Bryan council

Bryan Police Interim Chief Chris Chapa speaks during a city council meeting on Monday. MAX REINHART/Staff

After the retirements of the Bryan police chief and a sergeant were approved earlier this month, more changes within the department were OK’d by city council on Monday.

Council approved a pay raise for interim chief Chris Chapa, from $67,155.60 to $68,255.60 per year, “to compensate for the extra hours and extra duties he will be performing over the next several months,” according to the employment status change request document.

Patrol officer John Rathke also received a raise for having completed three years of full-time service with the department. The wage adjustment is in accord with the city’s bargaining agreement.

Danielle Nicholson was hired as a full-time police/fire dispatcher, with a start date to be determined.

Council also approved Chapa to give two civil service tests, one for police officer position and another for a sergeant. Prompted by questions from council, Chapa said his department is understaffed by four or five positions and that, with the upcoming retirement of Sgt. Clifford Weigel, “I’ll have no working sergeants.”

Chapa explained that the test for sergeants is for current officers with at least three years of service to the department.

And following a closed, executive session to discuss appointment of a public employee and acquisition of property, council approved to mayor to advertise for the chief position, which is open following the recent retirement of Michael Willis.

In other action Monday, council approved a 10-year Community Reinvestment Area tax exemption for Schlachter Investments, for construction at 525 Winzeler Drive, in the industrial park on the city’s east side. Council approved a $42,315 agreement with Schlachter Investments LLC for a 8.463-acre lot earlier this month.

According to the company’s tax abatement application, construction will involve a 320-by-150-foot warehouse space. Half the building will be “corporate headquarters for S & S Directional Boring Ltd., Advanced Rehabilitation Technology Ltd., and OBIC LLC International Headquarters” while “open tenant space (is) to be utilized for manufacturing warehouse space or other manufacture looking for rental option.”

Schlachter hopes to create six new jobs through 2022 with an average wage of new employees greater than $60,000 per year, with additional jobs likely for the other firms associated with the project.
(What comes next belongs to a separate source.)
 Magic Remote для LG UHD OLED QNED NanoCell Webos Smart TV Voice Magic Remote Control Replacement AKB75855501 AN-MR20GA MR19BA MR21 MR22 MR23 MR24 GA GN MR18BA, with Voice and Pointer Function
• Approved appropriations of $15,000, a donation from the Bryan Rotary Foundation for improvements to pavilions at Moore Park; and $5,400 from donations of various individuals for an upcoming 25-year anniversary celebration at the Imagination Station. City Parks and Recreation Department Director Ben Dominique said the celebration is set for 10 a.m. to 1 p.m. Oct. 1.

• Set the employee annual premium rate for health insurance for the years starting Sept. 1. City leaders praised Clerk-Treasurer Laura Rode, Mike Kurivial of First Insurance and others for negotiating a 0 percent increase for this year.

• Approved an ordinance adopting and implementing a uniform policy regarding projects that utilize federal funding. City Attorney Rhonda Fisher said the ordinance was required by the auditors and included “pretty standard language” for such projects.